7. Get a Photographer
Though you might not think your show is pro-photographer worthy, even a small show has entrants who would appreciate a great photo of their horse and themselves showing. For some riders, or owners with horse’s for sale, getting a great photo of their horse with a reasonably nice backdrop could be a huge motivation for attending your show.
Check out local sport or animal photographers in your area. Many may attend your even and take photos at no cost to you- in exchange for you letting entrants know their photos can be purchased online.
Do make sure your photographer is familiar with horses, safe shooting around horses, and what the “ideal shot” is for your discipline.
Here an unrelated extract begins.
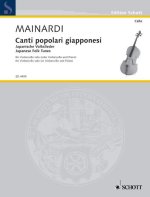 CANTI POPOLARI GIAPPONESI VIOLONCELLE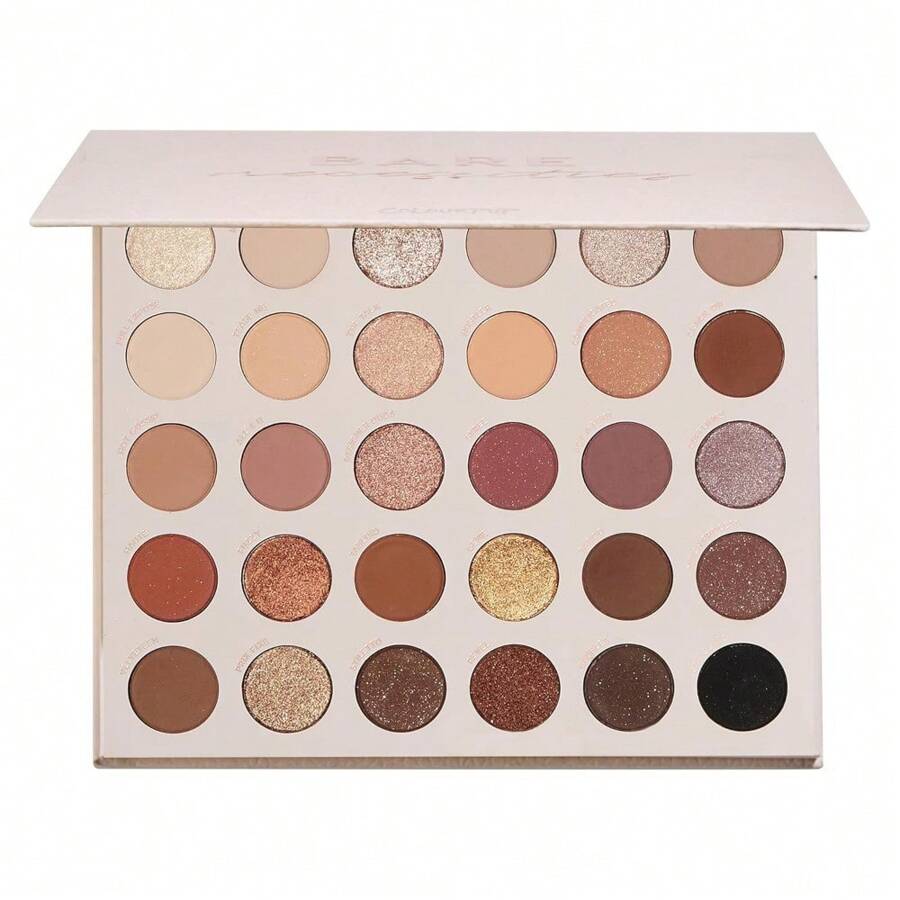 Paleta de sombras de ojos ColourPop Stone Cold Fox - Paleta de maquillaje de ojos de 30 tonos con acabados mate y metálicos - Maquillaje de ojos de alta pigmentación con fórmula de larga duración (33 g)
8. Tips on Overnight Shows
If you are hosting a 2 day show, or a show with some entries coming in from a distance that requires overnight stabling, treat these riders with some bonuses-
- Stall Decorating Contest– A stall decorating contest is a fun way to make your stabling area fun and interesting to walk through. Award prizes in categories or age groups (i.e. 16& Under – Most Informative, 16 & Under – Most Creative, etc).
- Unofficial Dinner – Publish in your showbill that anyone coming in the night before can meet for dinner at a local restaurant at a certain time, once their horses are settled at the stables. This is a great opportunity for you as show organizer to greet and get to know entrants, as on show day you’ll likely be too busy to chat much.
- Farthest Traveled Reward, if doing a show with a significant number of entries traveling in from our of state, a Gas Gift Card awarded to the entrant traveling the farthest can be a much appreciated prize.
With these 8 tips plus a prepared and courteous show staff, your show is sure to be a success and get your entrants talking! Don’t be discouraged if your first event is not as profitable as you’d hoped- word of mouth will drive increased entries and ensure long term success.